Two weeks ago, Patrice Bernier stood on the turf at Montreal's Olympic Stadium, surrounded by 61,000 people in his home province. It was the CONCACAF Champions League final and for him, perhaps more than anyone else on either side of the field that day, the significance of this moment was not lost, even if the match ultimately was.
"You don't get to live these movements, especially not coming from a soccer country where it's not a habit to have 50-60 thousand people [to watch live soccer]," explained Bernier. "Unfortunately we didn't win or it would have been the greatest moment in all of my career."
The moment will certainly be in the back of Bernier's mind as he and his club take to the field for the second leg of its Voyageurs Cup semifinal tie against Toronto FC.
The Impact have a 1-0 nothing lead for leg 1, and the aforementioned recent events have made them hungry for a third straight Canadian title.
But Bernier believes the Impact's success will not only be in the back of his mind, it will be the focus of the other team's in the competition as well. He thinks it could go a long way towards making the Voyageurs Cup more compelling.
"The fact that we got to the final maybe sets a bit of a tone for other teams to say ‘hey, if we take this seriously and we win it, next year we can go to the Champions League and [we] can get to live [our own moments],'' said Bernier.
Unfortunately, those moments haven't found their way to the Canadian Championship just yet. There were just 12,518 supporters on hand in Montreal for the semi-finals first leg, and, judging by ticket availability, there won't be too many more in Toronto.
However, Bernier thinks the competition is working well the way it is, and hopes it will only grow in the future when they are able to include more clubs, such as USL and NASL sides. He understands, though, why most fans don't consider it a top priority.
"[I think] fans of Toronto, Vancouver, Montreal are of the mindset that the MLS is [the most] important thing, to get to the playoffs to win it all," he says. "So the Canadian cup is not always seen as the most important game for Canadian teams."
This extends past Canada, however, as the United States has found it equally difficult to draw supporters out to the US Open Cup, or have teams focus on the CCL. This comes despite all the history the US domestic cup has in that country.
Bernier hopes that not just in Canada, but in the league as a whole, the Impact's run will help MLS sides focus more on success in cup competitions.

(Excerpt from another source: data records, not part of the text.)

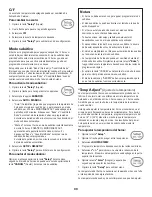 Предварительный просмотр 89 страницы Jenn-Air 8113P626-60 Use & Care Manual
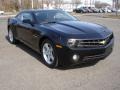 Black - Camaro LT Coupe Photo No. 3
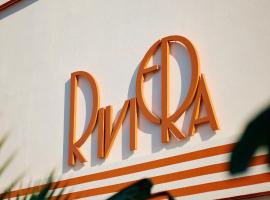 Riviera Hotel Menorca, hotel u gradu Sijutadelja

"At the end of the day there has not been any MLS teams going to the Club World Cup," he says of the end goal that the Impact came 45 minutes away from achieving. "I believe there are some quality teams in this league, quality players."

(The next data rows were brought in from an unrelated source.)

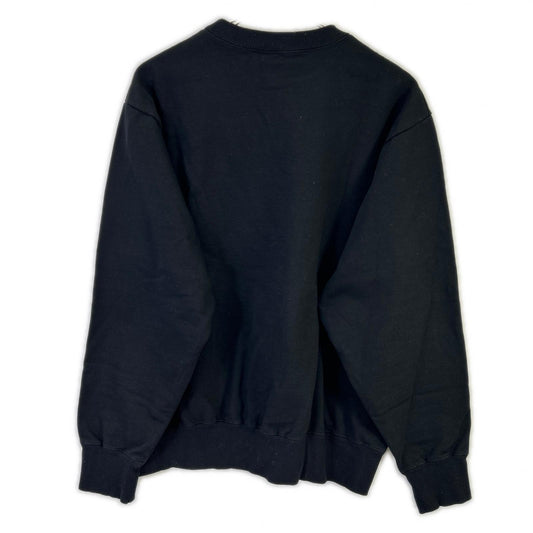 kolor BEACON Print Sweat Black Size 1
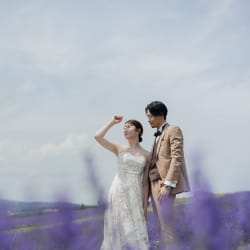 自然の中でナチュラル、オシャレに。
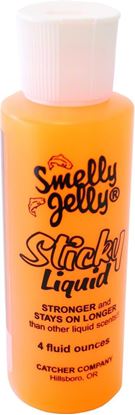 Picture of Smelly Jelly 408 Sticky Liquid 4oz Shrimp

He does acknowledge how difficult it is to do that in this league. The Impact have only played five league games so far as a result of their Champions League campaign, and are finding it difficult to get back to regular routines.

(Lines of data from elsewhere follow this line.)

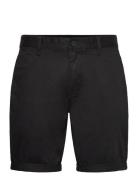 Tjm Scanton Short Black Tommy Jeans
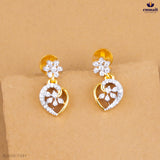 AADARSHINI Exquisite Premium CZ Hangings
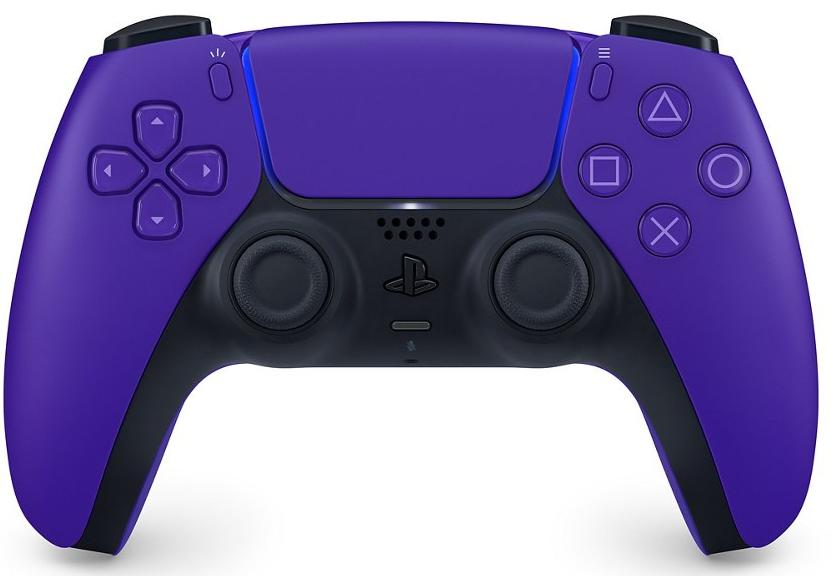 

Беспроводной геймпад Sony DualSense для PlayStation 5 Violet, Фиолетовый, DualSense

"You are playing in a tournament where if you [lose] you are out, and then you are playing in the league where you're only getting the reward at the end of the year," he says of the club's two required mentalities that are difficult to switch between.
As for his club's mentality going into the second leg against Toronto, and looking to recreate their cup dreams from last year, he says they have been here before and know what they are doing.
"The club has gone through this the last three years and we've won it twice in a row. The objective is to go get a result and to move on to the final."